Up to what extent can you measure the value or depth of friendship by people around you? How would you be able to properly determine the purpose of friendship? Are you dispensable? In times of needs, who would be around to stand with you? Are you being used or abused?
Questions, questions and more questions. Most of us meet new people everyday, especially for us who are active in social gatherings and activities both in the professional or personal aspect. Business or pleasure, there will always be people around to test the waters and in most cases classify as to what level of acquaintance you are to them. There are of course people like me, the gullible ones who give their all out trust. Cheerful and who can easily fit into a crowd, that certain circle of friends will not be around for long. Maybe one or two, but ever since my high school days, I have only chosen to keep a few. It is no secret that most of the people I knew then until now are only around in times of need. If they have use for you, expect them to be around, but after that, expect them to disappear. This scenario can be likened to something like to a child, if they ask you to come out and play, you play, but when it is your turn, one of among the millions of excuses will be heard. The verdict? Plain and simple, these people always want to be on the advantage. For them, there is no room for failure. Misunderstanding or misinterpretation? I don’t think so. This can go on as far as your partner in life, regardless if you are married or not. Think of it, why would someone stay with you if you only give them burdens like fights, quarrels etc.
This may sound like sour grapes from a complete stranger, but hey have you ever stopped and thought bout it? Surely you don’t think that all people are angels who have clear consciences. Whether they admit it or not is pointless. As in standard practice, they will always deny it, something that most people are good at. It may even come to a point where they would reverse the fortunes and make you look the bad guy. In my opinion, who cares?
I only have a couple of best friends. People who are always there in times of need. They don’t care on who you are, what you look like, or what your past is. Sad to say, I have made mistakes. First impressions, making you think you were special. But once you are a has been, they leave you out in the cold.

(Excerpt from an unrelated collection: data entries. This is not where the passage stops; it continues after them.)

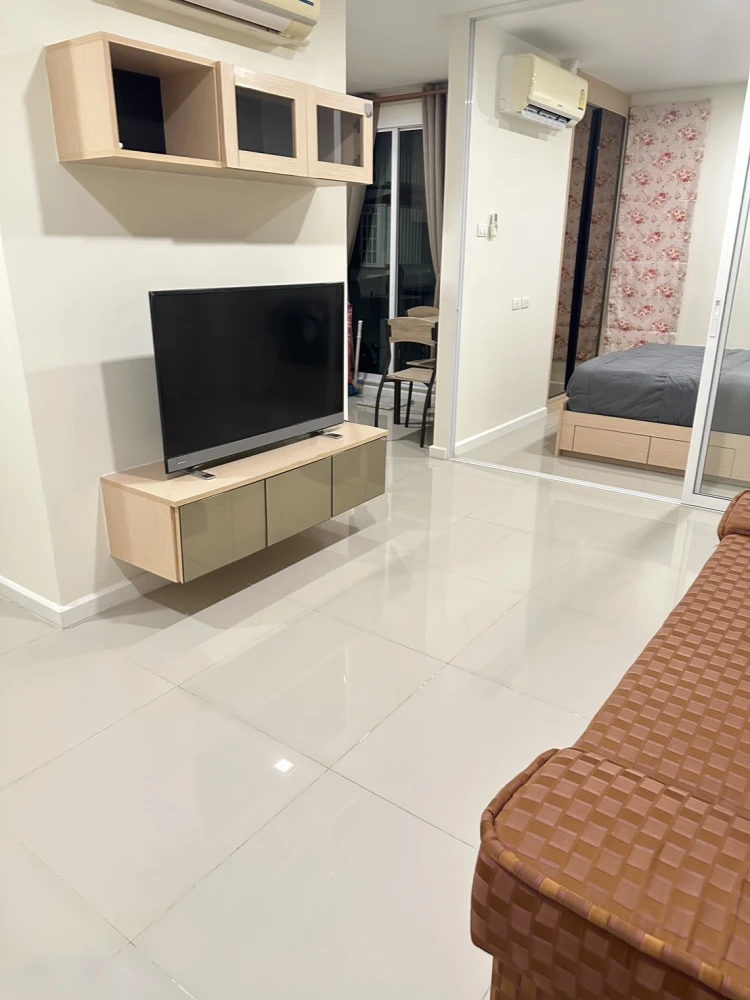 For rent: JW Condo @ Donmuang, spacious room, comes with a very good price. I must say that you must not miss it.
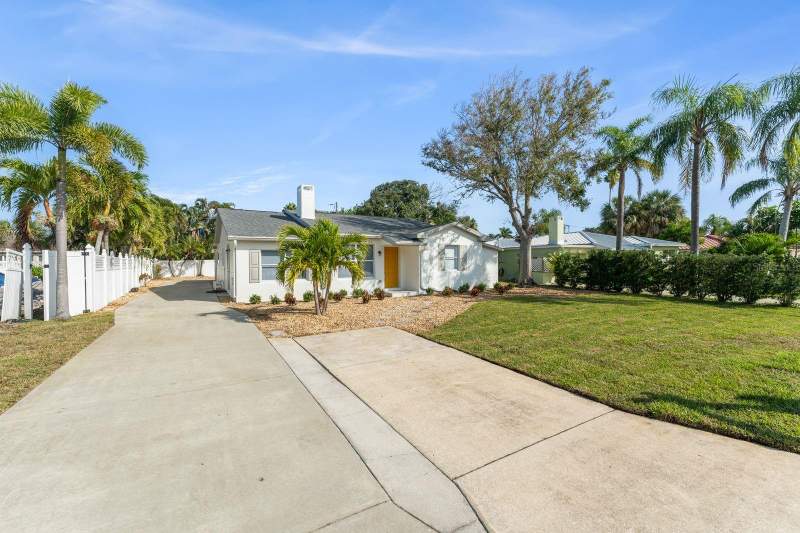 3 bedroom Single Family Residence at 107 4th Street, Belleair Beach, Belleair Beach — photo 2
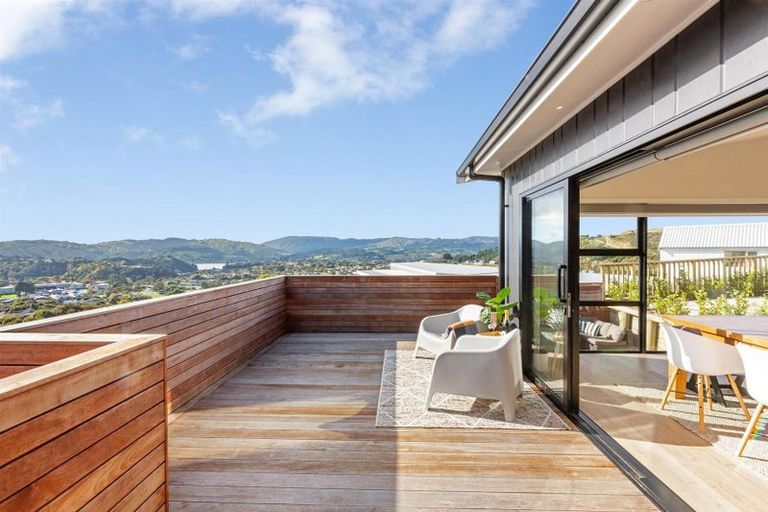 Photo of property in 65 Exploration Way, Whitby, Porirua, 5024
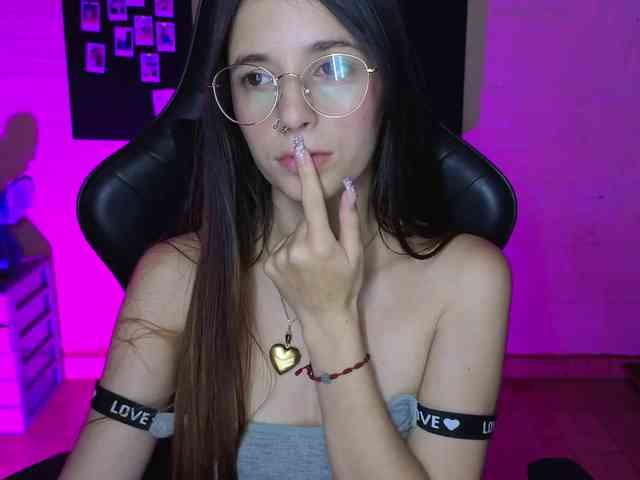 valeria-mendoza webcam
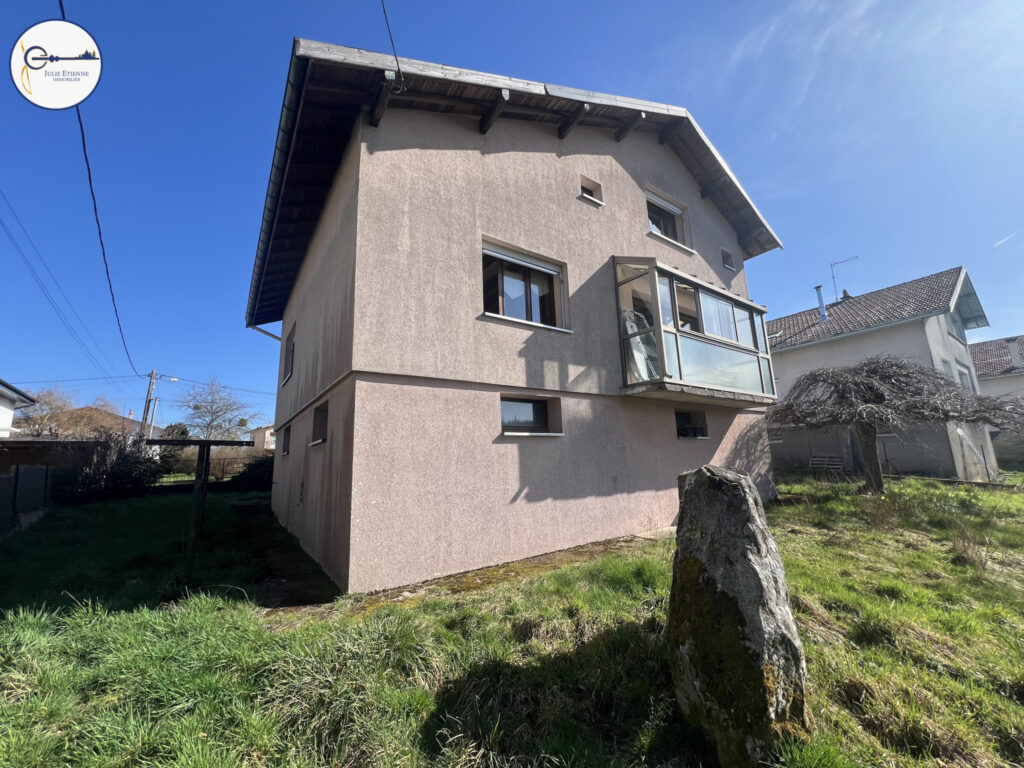 Maison Deyvillers 5 pièces 110m2 – 6 pièces – 3 chambres – 110 m²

My resolution? Well, for me, move on and start staying away. Real friends will be there no matter what. Some things are best left unfinished. I think it’s high time to stop making myself believe that these people are special to me and vice versa. Life is so short and I have all the riches a man, father, colleague and son could have. For my FORMER friends whom I had high regards, it was nice knowing you. Sometimes, users and pretenders will have their day in court. Just don’t expect me to be as forgiving and understanding when that time comes.